While crop looked clean before Christmas from light leaf spot, 71% of the Spotcheck samples were infected, despite having no visual symptoms in the field. So it shows that there is a latent disease there waiting for the right conditions.

The cold weather in January will have helped inhibit any disease, but as crops start to grow again we might see a rise in visual light leaf spot symptoms. That might mean growers need to consider an early spray of something like Proline (prothioconazole) to deal with it, rather than waiting until flowering.

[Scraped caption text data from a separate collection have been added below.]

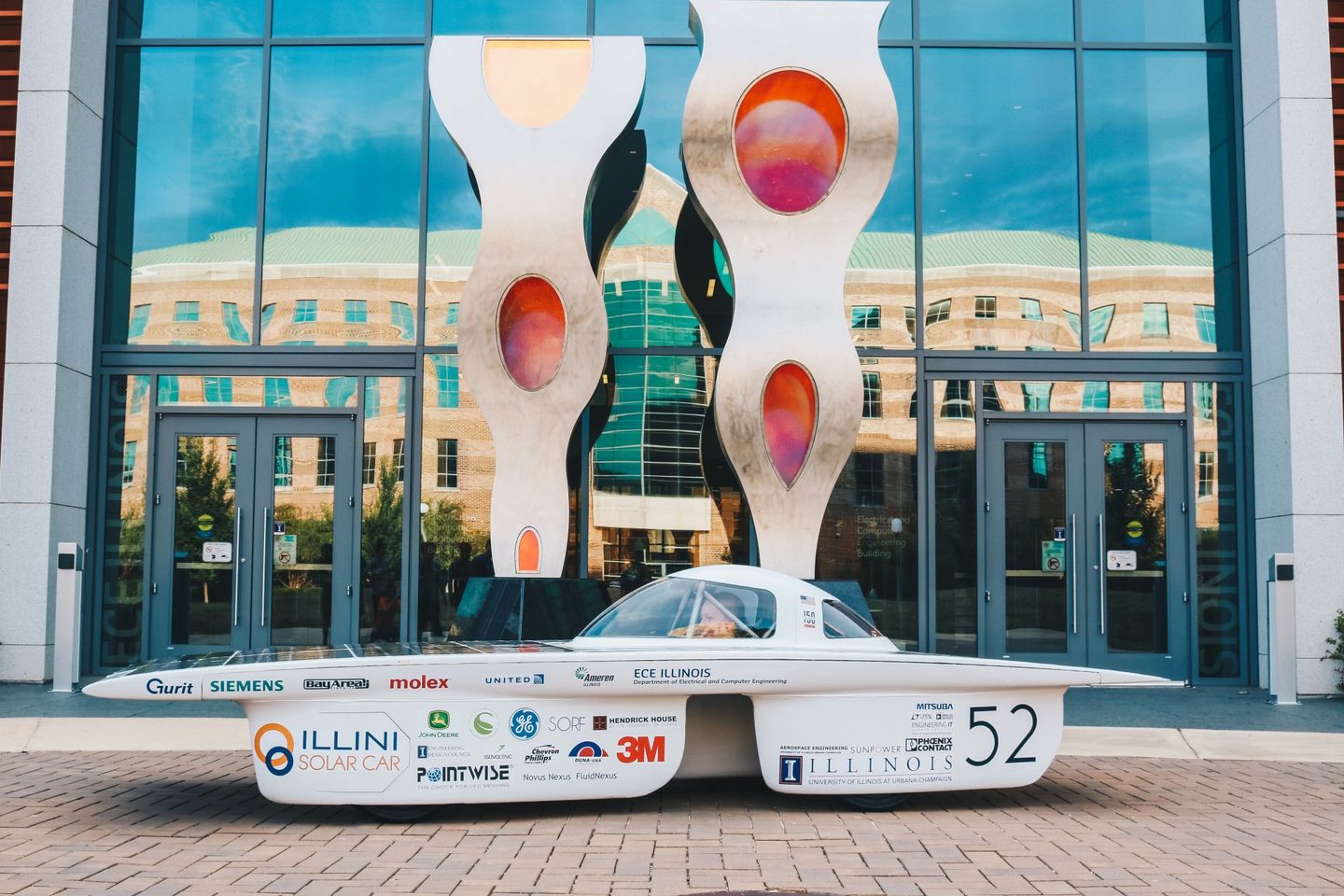 Argo in front of the ECE Building, 2019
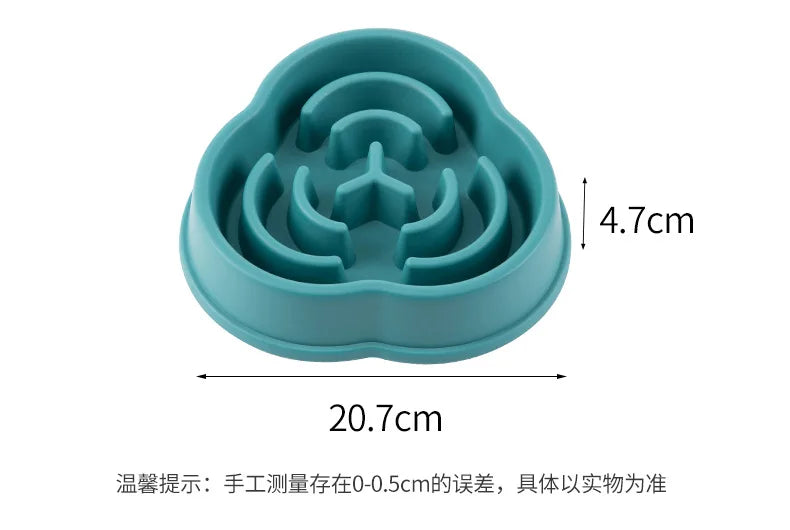 Slow Feed Pet Bowl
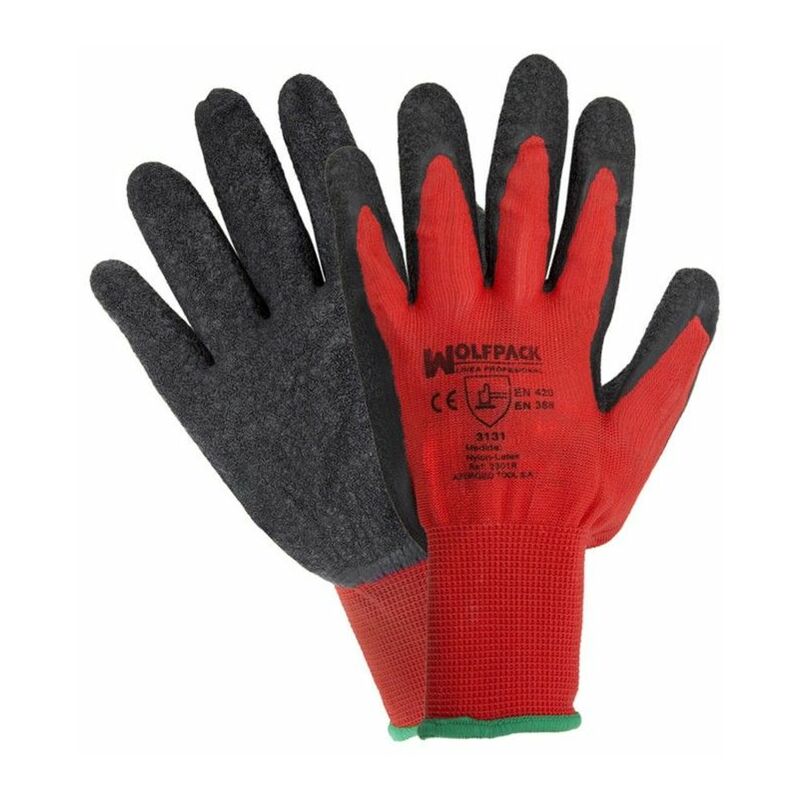 foto del prodotto guanti gripflex in lattice nylon taglia 7 paio 
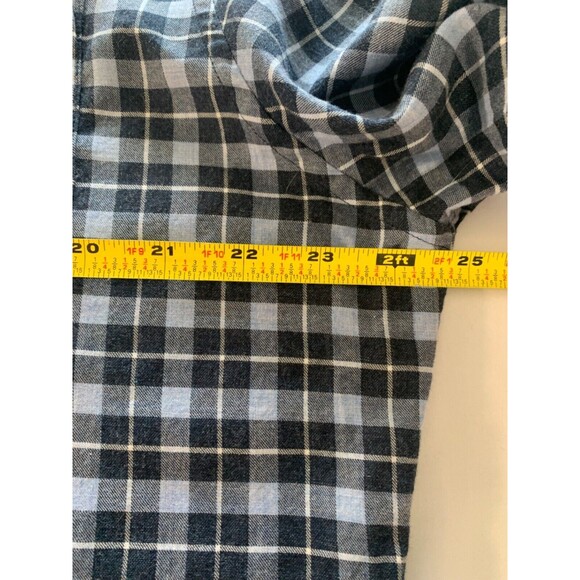 7 Diamonds Shirt Men’s Size XXL Blue Plaid Sugar Storm Button Down Long Sleeve - Picture 5 of 10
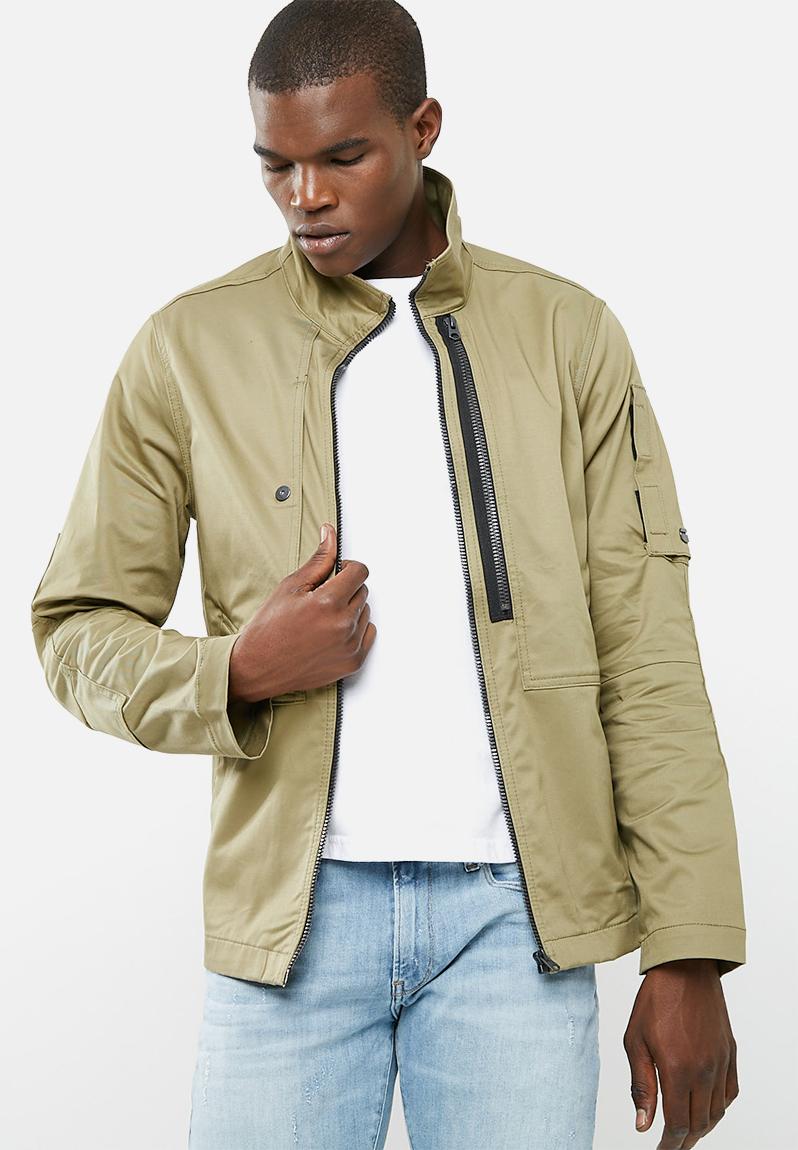 Rackam Utility PM Overshirt - Army Green G-Star RAW Jackets ...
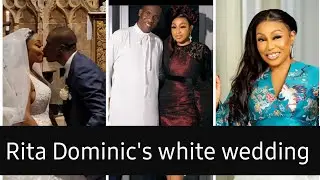 Actress Rita Dominic's white wedding.  full Video of vow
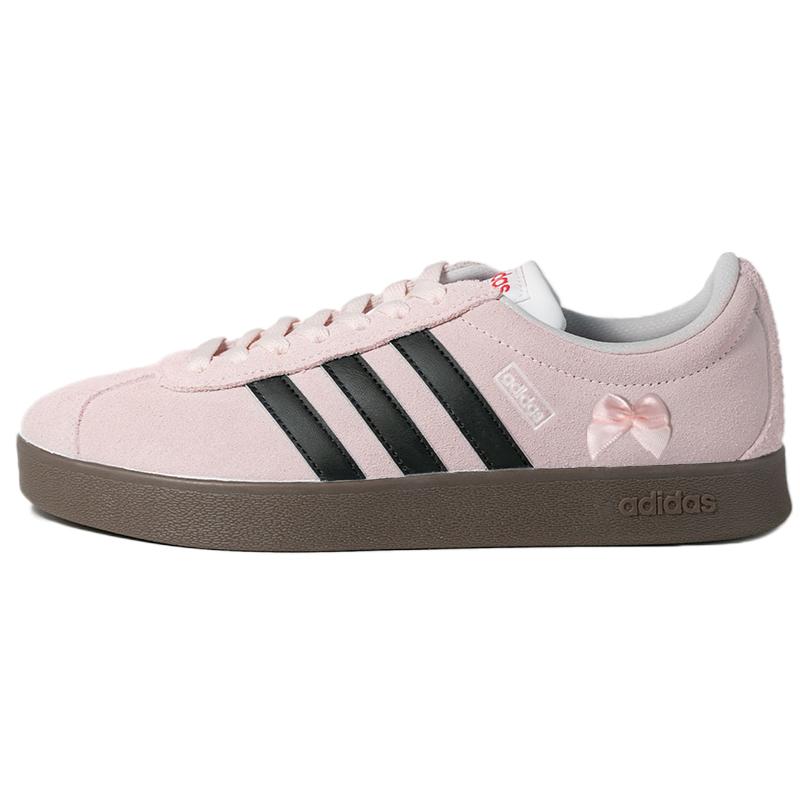 

Adidas VL COURT 2.0 Abrasion Resistant Low top Skateboard Shoes Unisex Black Pink HQ1802(Team562-) 37⅓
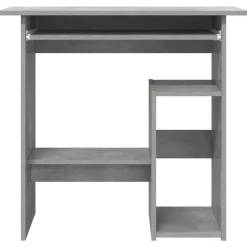 vidaXL Escritorio de madera contrachapada gris hormigón 80x45x74 cm Gris hormigón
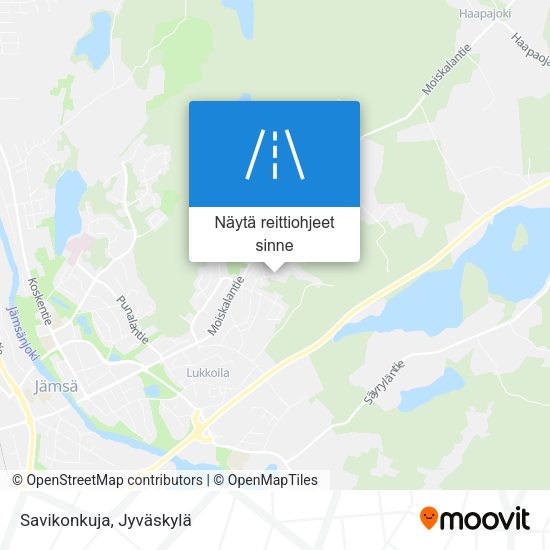 Savikonkuja kartta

4. New application method for Velum Prime

While the early potato crops in the far south west tend not to require a nematicide for potato cyst nematode control due to the short growing season (although there are some hotspots), the loss of both Vydate (oxamyl), assuming no emergency authorisation is granted, and Mocap (ethoprophos) reduces options for other soil born pest control for main crop potato growers in the SW.

One alternative will be Velum Prime (fluopyram), which now has broadcast and incorporate as an application method alongside in-furrow application. The former can be applied with a horizontal boom sprayer.  We now have a comprehensive set of data to support full rate Velum + full rate Nemathorin for improved PCN population management, above the granule used alone or at ½ rate with Velum. The best time to apply is onto flat beds following primary cultivation or ridged beds, and then needs to be incorporated to a minimum depth of 10-20cm with the bed-tiller, prior to planting.